(Scraped caption text data)
****
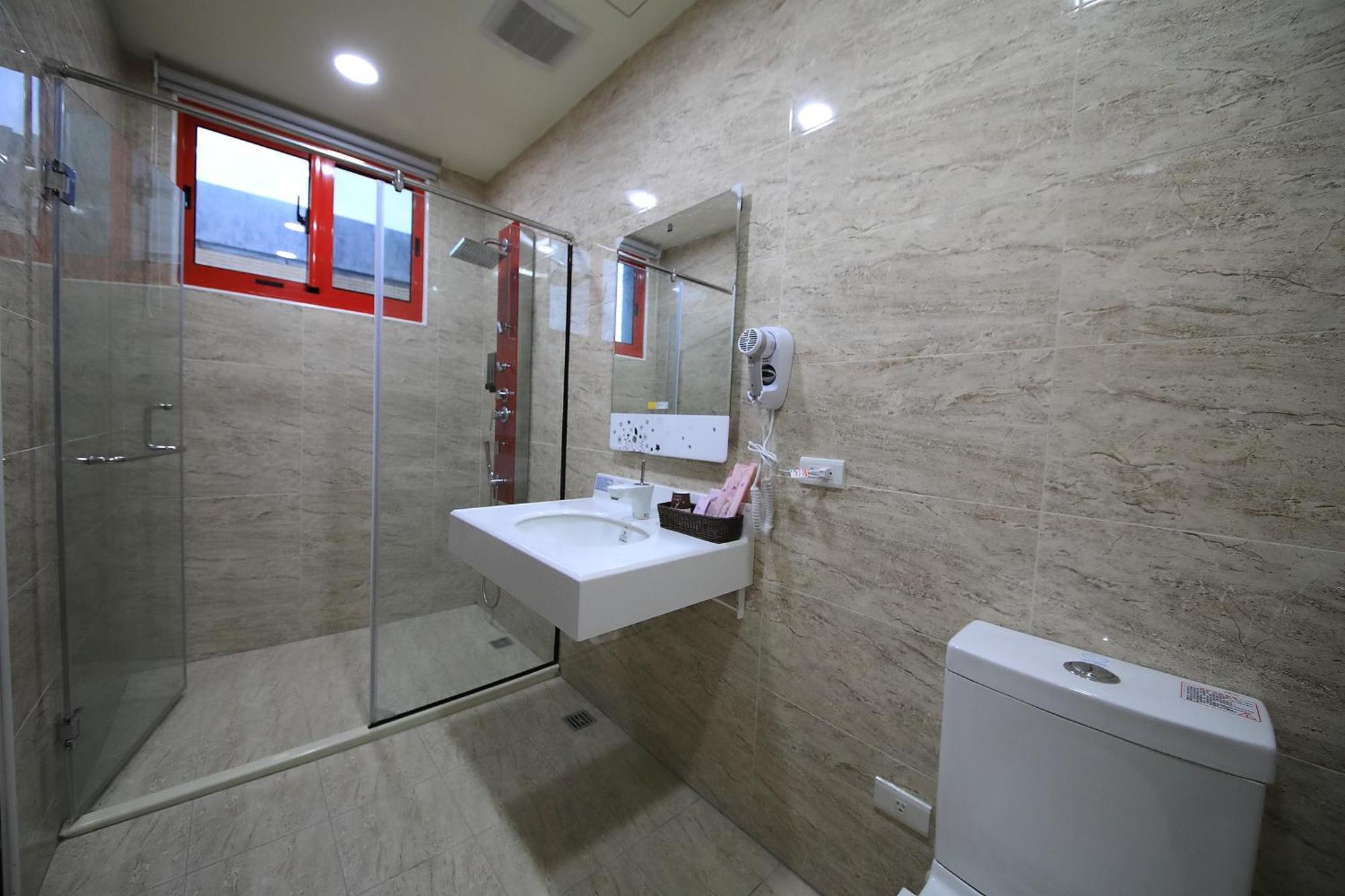 花蓮亮君經典民宿1館加2館民宿-東大門夜市-電梯包棟bright King Homestay Hualien City Δωμάτιο φωτογραφία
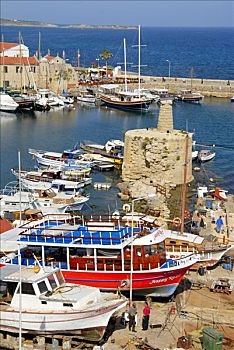 船,凯里尼亚,塞浦路斯北部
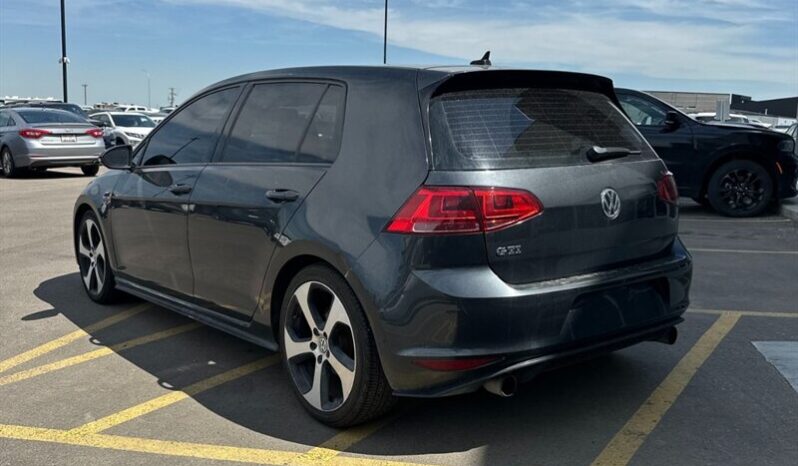 
								2015 Volkswagen Golf GTI Autobahn full									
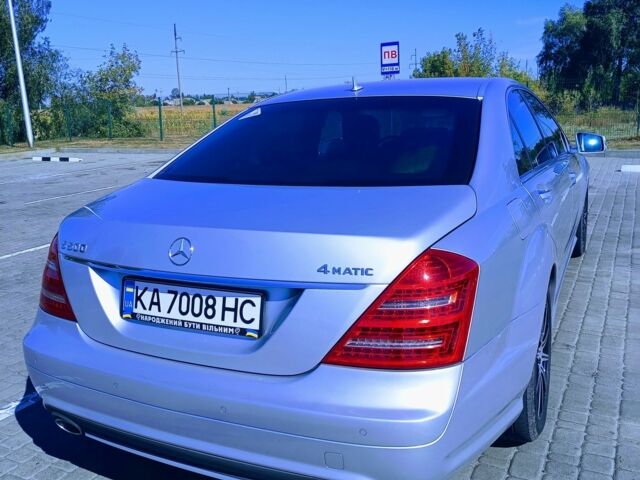 Серый Мерседес 500, объемом двигателя 5.5 л и пробегом 197 тыс. км за 12300 $, фото 3 на Automoto.ua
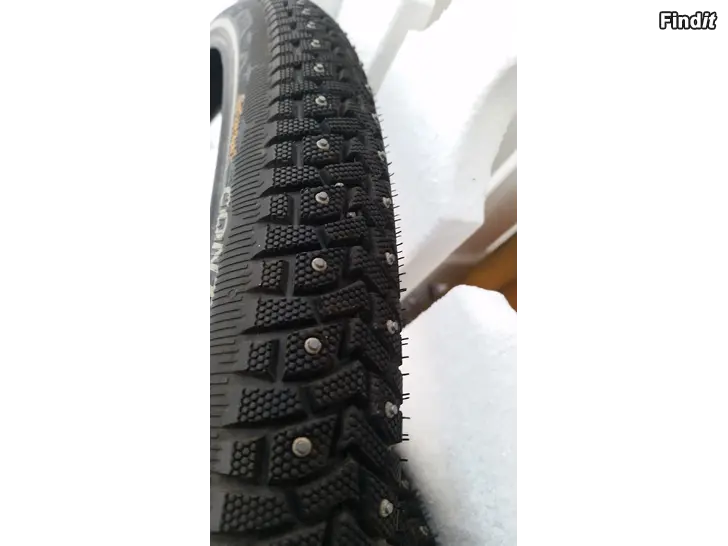 Myydään Polkupyörän nastarenkaat hyvät Continental pistosuojatut 28tum 45e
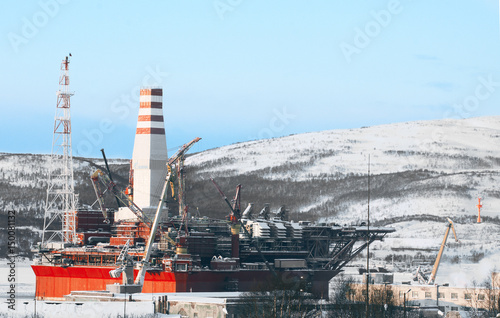 Obraz na płótnie Platform to shipyard in winter day View on Prirazlomnaya сloseUp w salonie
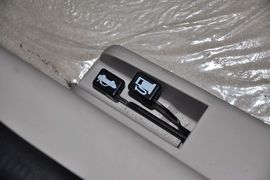 2012款长安悦翔V5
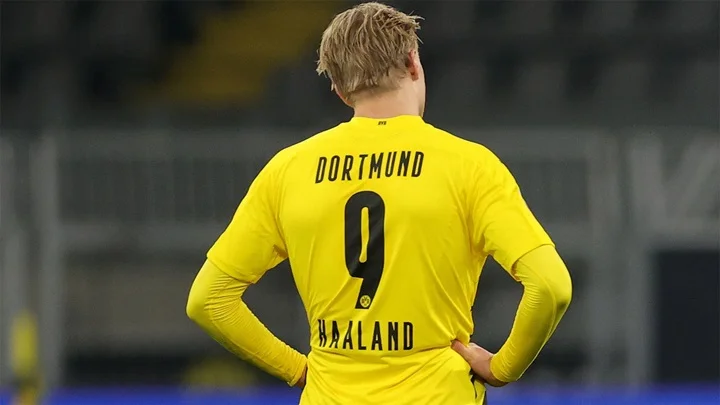 Холанд отклонил первое предложение «Манчестер Сити» Холанд отклонил первое предложение «Манчестер Сити»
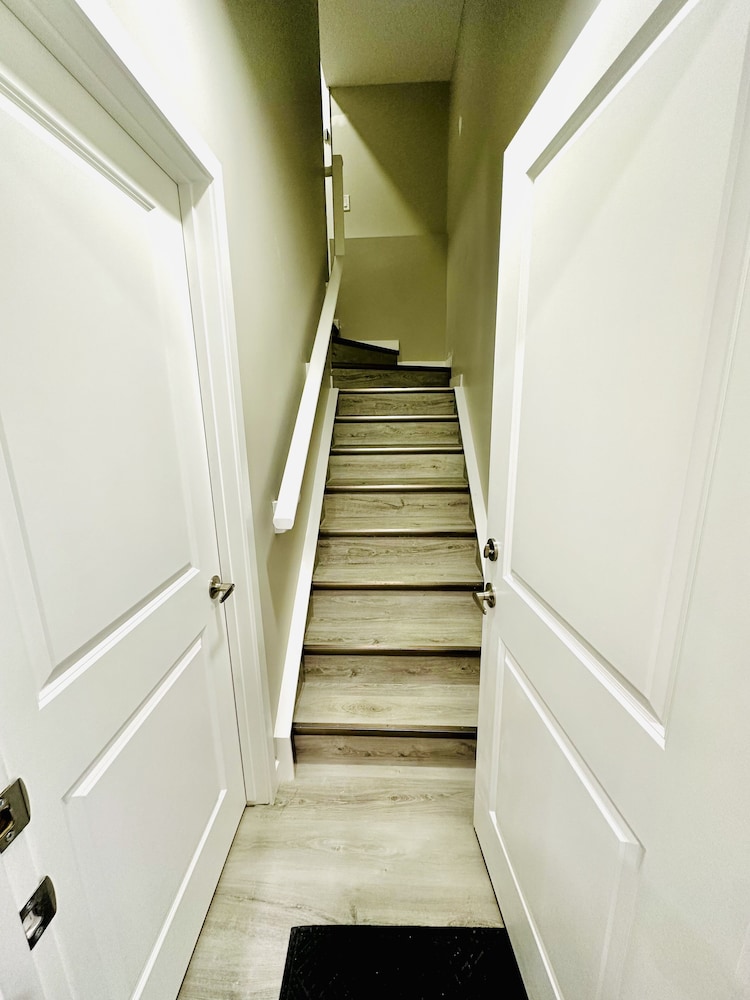 2 Bedrom 3 Beds Suite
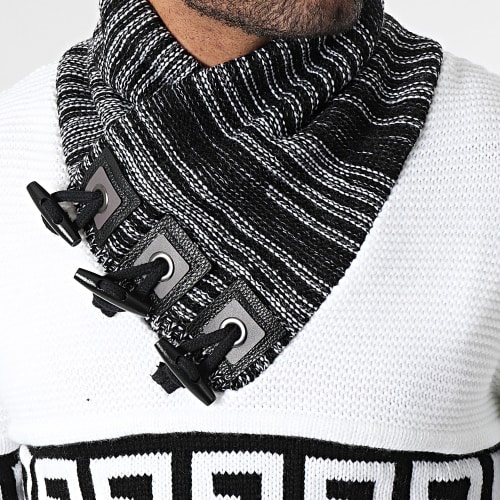Pull Col Boutonné Blanc Noir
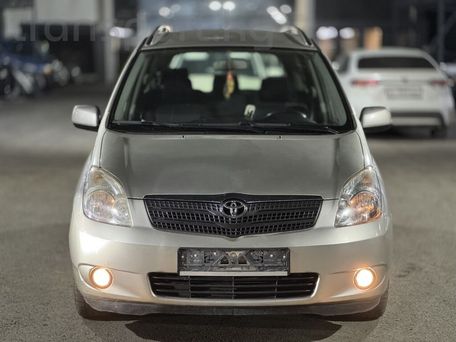 Toyota Corolla Verso, 2004 — 照片 2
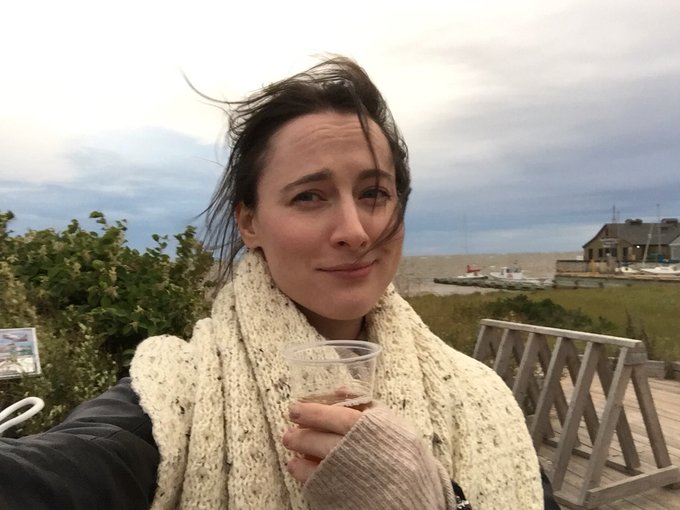 It&rsquo;s windy as hell, but there&rsquo;s beer and tasty mussels. https://t.co/C4quh1E96J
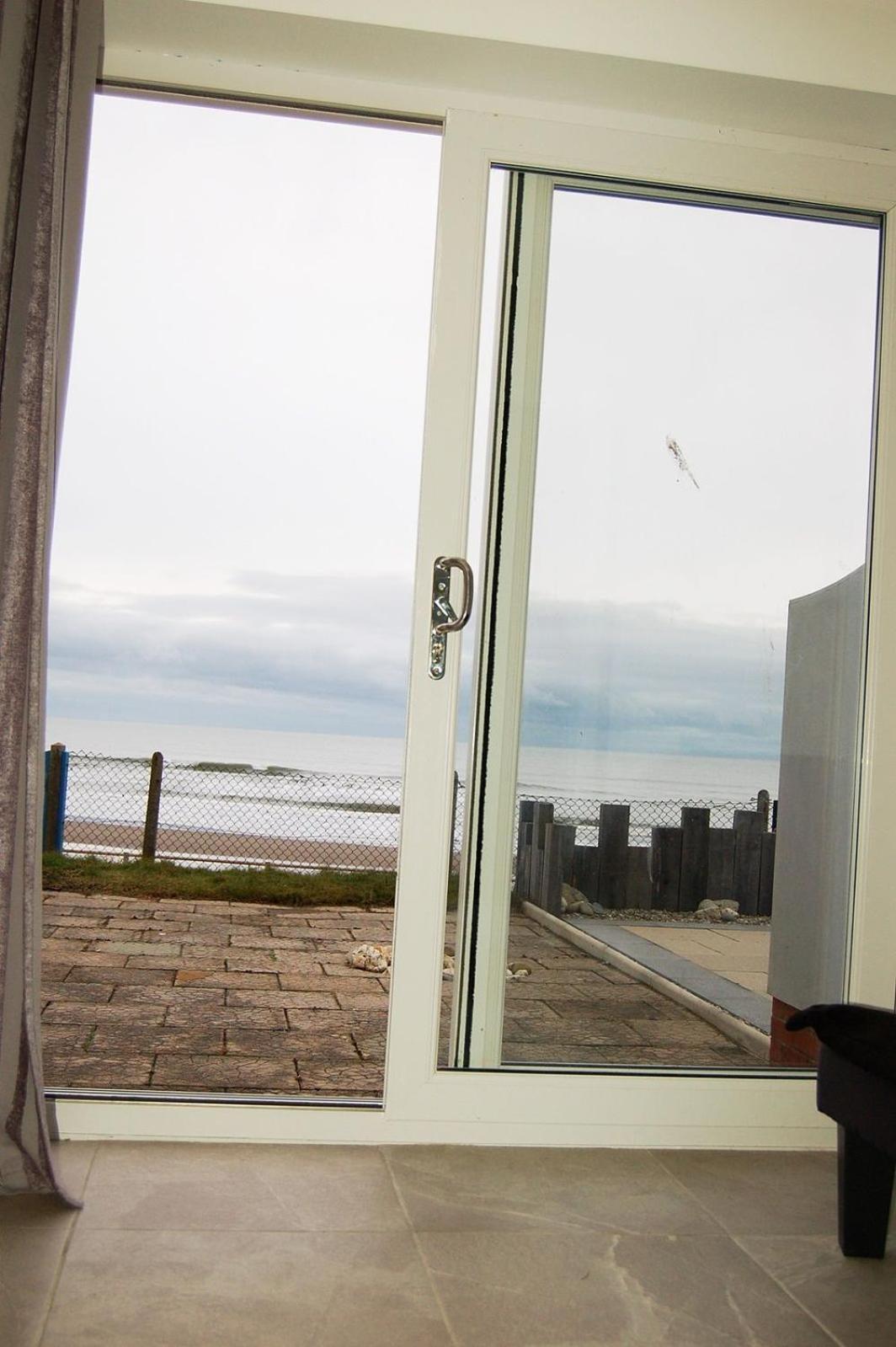 Seagull Beach House Tywyn Exterior photo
****
● The problem
Set down each entry again exactly as written. Pictures stay out.

● Answer to this problem
 花蓮亮君經典民宿1館加2館民宿-東大門夜市-電梯包棟bright King Homestay Hualien City Δωμάτιο φωτογραφία
 船,凯里尼亚,塞浦路斯北部
								2015 Volkswagen Golf GTI Autobahn full									
 Серый Мерседес 500, объемом двигателя 5.5 л и пробегом 197 тыс. км за 12300 $, фото 3 на Automoto.ua
 Myydään Polkupyörän nastarenkaat hyvät Continental pistosuojatut 28tum 45e
 Obraz na płótnie Platform to shipyard in winter day View on Prirazlomnaya сloseUp w salonie
 2012款长安悦翔V5
 Холанд отклонил первое предложение «Манчестер Сити» Холанд отклонил первое предложение «Манчестер Сити»
 2 Bedrom 3 Beds Suite
Pull Col Boutonné Blanc Noir
 Toyota Corolla Verso, 2004 — 照片 2
 It&rsquo;s windy as hell, but there&rsquo;s beer and tasty mussels. https://t.co/C4quh1E96J
 Seagull Beach House Tywyn Exterior photo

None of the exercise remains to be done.